Stark paused. “By the weight of what was recorded in the assay process. That’s the best they could figure.”
“That Secret Service agent worked damn fast,” Mike said, making notes of the people and dates that Bernard Stark had mentioned. “What did you say his name was?”
“The man who tracked down the Double Eagles? It was Strait. Harry Strait.”
28
“Did I say something wrong?” Stark asked, scanning our faces.
The three of us must have reacted to Strait’s name with the
same degree of surprise.
Mike made his notes and picked up the conversation. “No, no. Now this Double Eagle that made its way to Egypt, what can you tell us about how it got there?”
Stark pursed his lips. “Not very much. I think you’ll have to get that story from the Secret Service.”
He reached for his Rolodex and wrote down the name of the supervisor he’d dealt with when he auctioned the great coin for seven million dollars. “Harry Strait is dead,” he said, “but I think you’ll find this fellow most helpful.”
“But the one you sold in 2002 was legal?”
“Oh, yes. We weren’t about to walk into that mess again. I can’t account for the half century that the coin was in Egypt, but a well-known British dealer brought it back into the States in 1996. What do you call those, um, shall we say ‘rats’?”

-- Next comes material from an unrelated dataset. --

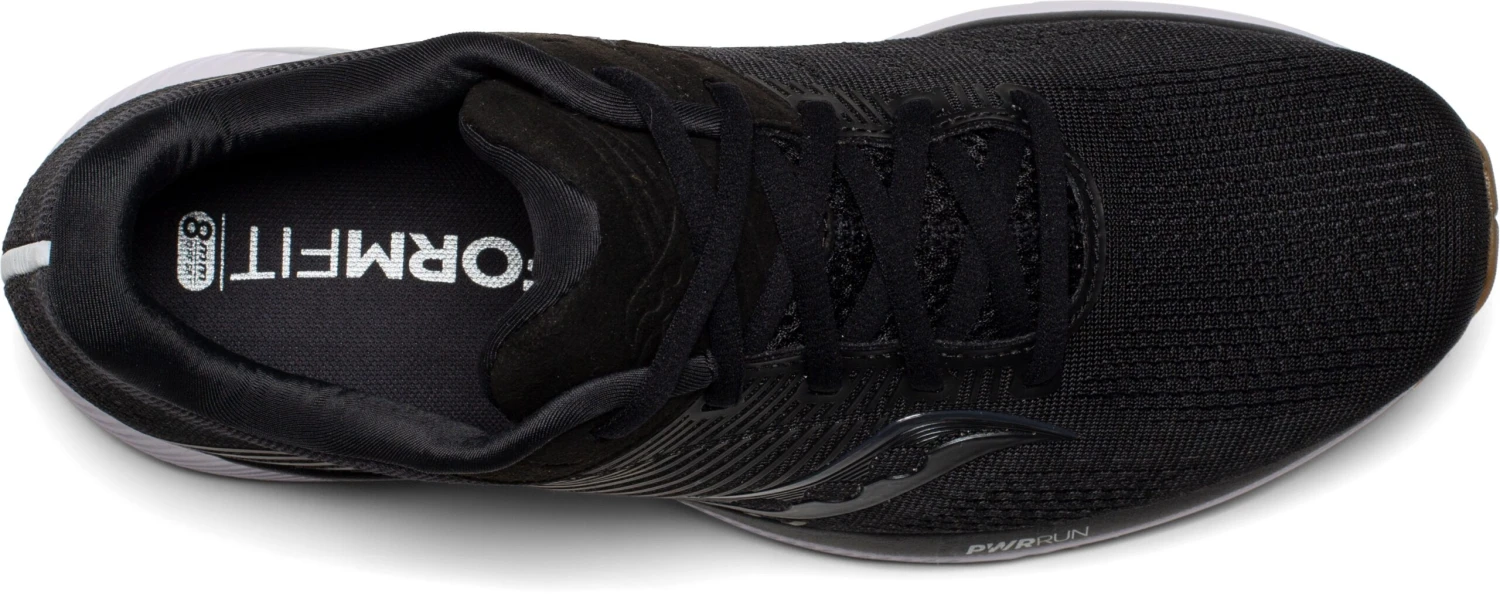 Saucony Men's Guide 14 (12 - Black/Gum) - Image 4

“Confidential informants?”
“Yes. One of them tipped off the Secret Service, who did some wiretaps and all that, and intercepted the poor bird on his way home. Lawsuits and depositions and lots of haggling, but finally the government admitted a great mistake had been made.”
“Worse than McCairn’s theft?”
“A good deal so. When Farouk bought his Double Eagle, FDR’s Treasury secretary-I can’t recall his name-”
“Morgenthau,” I said. “Henry Morgenthau.”
“Yes, of course. Morgenthau actually issued an export license to the royal legation of Egypt, making that one lonely coin legitimate.”
“Why?”
“No one is quite sure. To avoid government embarrassment, probably. He knew it was going out of the country to a king we were trying to keep as an ally, and there wouldn’t be much harm in letting the twenty dollars that had been promised to Farouk before the error was caught go to the royal collection.”
“So when the Double Eagle was finally sold, you and your firm got the seven million big ones, Mr. Stark?” Mike asked.
“In a very agreeable split with Uncle Sam, Detective. Perfectly reasonable.”
“Play with me for a minute, sir. What if I were to turn up another stolen coin? Say everybody guessed wrong back in the forties, say McCairn reached in the bag and pulled out a dozen Eagles instead of ten,” Mike said. “Tomorrow I walk in your door with one more plastic evidence bag, Liberty holding her torch aloft, 1933 and all that?”